Trifork Blog

Axon Framework, DDD, Microservices

Server-side clustering of geo-points on a map using Elasticsearch

August 1st, 2013 by
|

Plotting markers on a map is easy using the tooling that is readily available. However, what if you want to add a large number of markers to a map when building a search interface? The problem is that things start to clutter and it’s hard to view the results. The solution is to group results together into one marker. You can do that on the client using client-side scripting, but as the number of results grows, this might not be the best option from a performance perspective.

This blog post describes how to do server-side clustering of those markers, combining them into one marker (preferably with a counter indicating the number of grouped results). It provides a solution to the “too many markers” problem with an Elasticsearch facet.

The Problem

The image below renders quite well the problem we were facing in a project:

serversideclustering_elasticsearch_1

The mass of markers is so dense that it replicates the shape of the Netherlands! These items represent monuments and other things of general interest in the Netherlands; for an application we  developed for a customer we need to manage about 200,000 of them and they are especially concentrated in the cities, as you can see in this case in Amsterdam: The  “draw everything” strategy doesn’t help much here.
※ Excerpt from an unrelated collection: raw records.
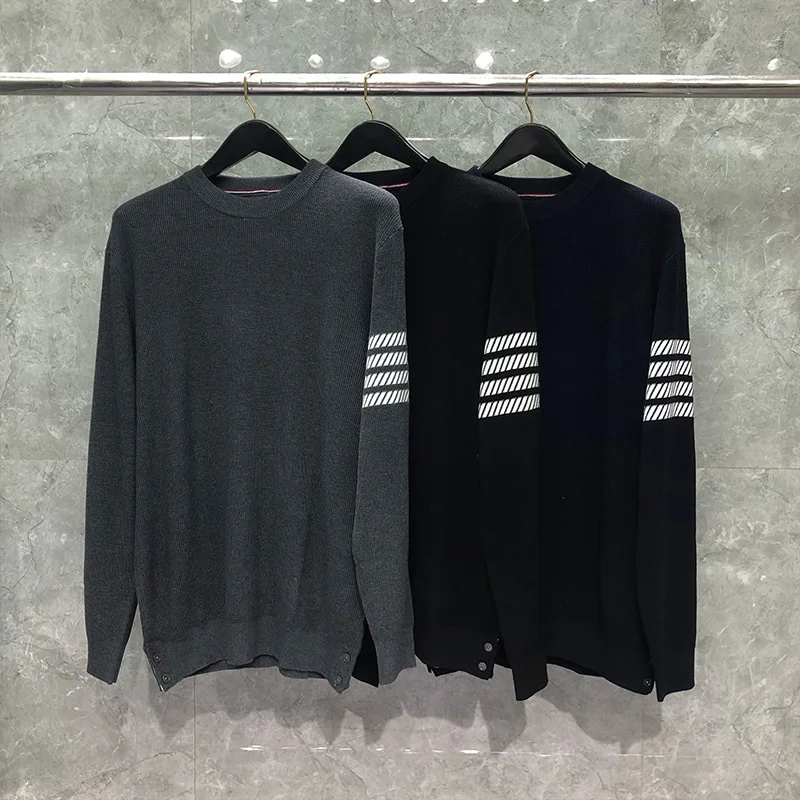 2023 Fashion Brand TB Sweaters Men Loose O-Neck Pullovers Clothing Waffle Striped Wool Cotton Solid Autumn Winter Casual Coat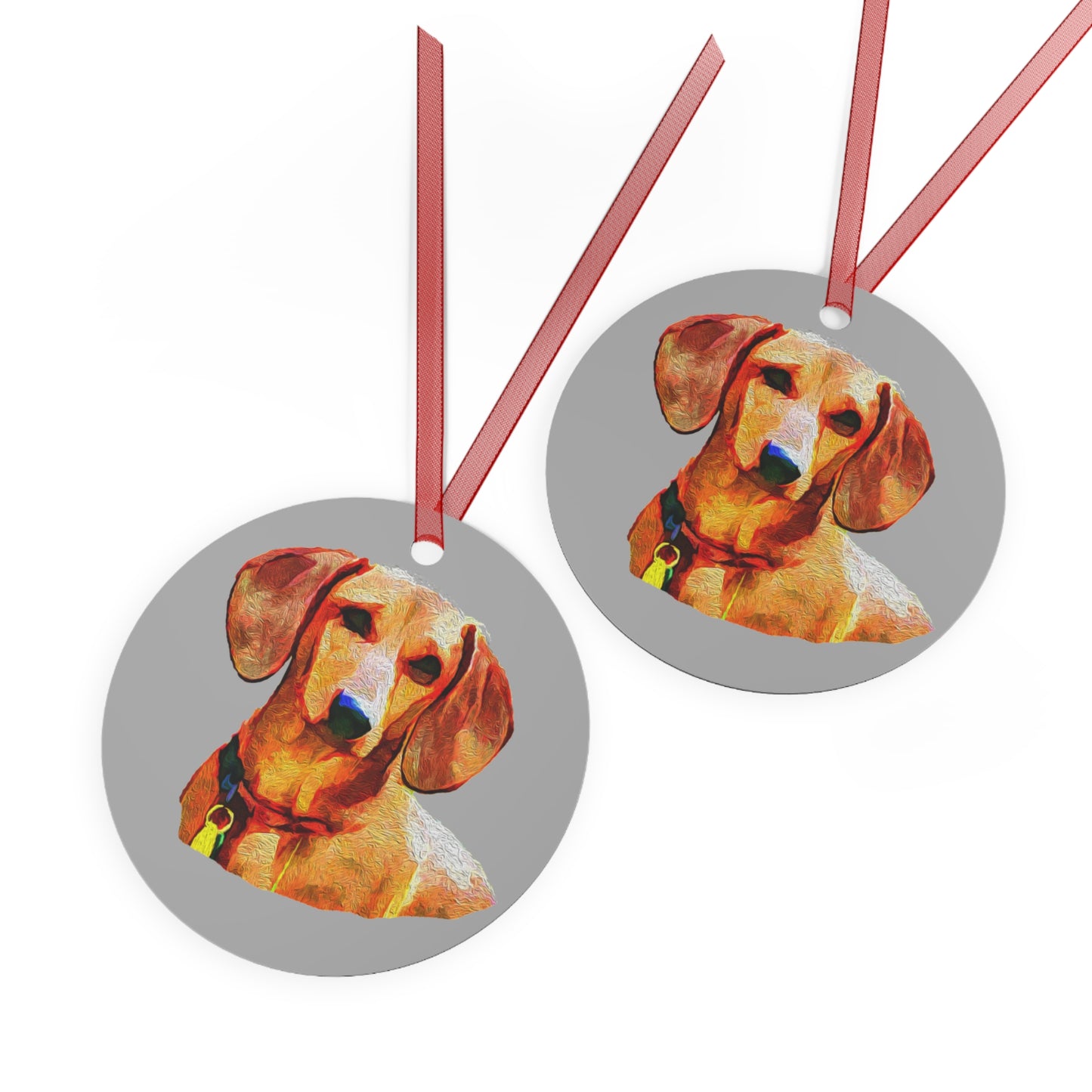 Whimsical Dachshund 'Daisy on Grey' Metal Ornaments
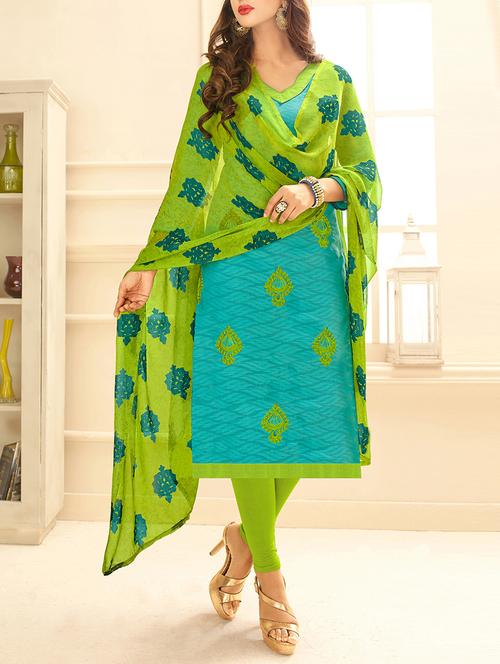turquoise embroidered unstitched churidaar suit - 15208096 - Very Small Image - 1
serversideclustering_elasticsearch_2

Looking for a solution

This article by Google gives a good overview of the problem, but it presents only client side solutions. As the start of this post anticipates, client side processing is not good in our case: if the browser received all of the 200,000 points of interest the webpage would freeze every time the user drags or zooms.

Therefore we looked at means for doing this server side.

Since we are using Elasticsearch as our storage, we searched for a solution which was either built-in or available in a plugin, and found https://github.com/zenobase/geocluster-facet. It is an Elasticsearch plugin which uses a clustering algorithm to group nearby documents.

We installed the plugin and tried some use cases, and although liking the base idea we concluded that we needed more control over the grouping: in our tests, the way groups were calculated by the plugin varied a lot depending on the particular bounding box used in the query. This would result in unstable group icons while a user pans around the map.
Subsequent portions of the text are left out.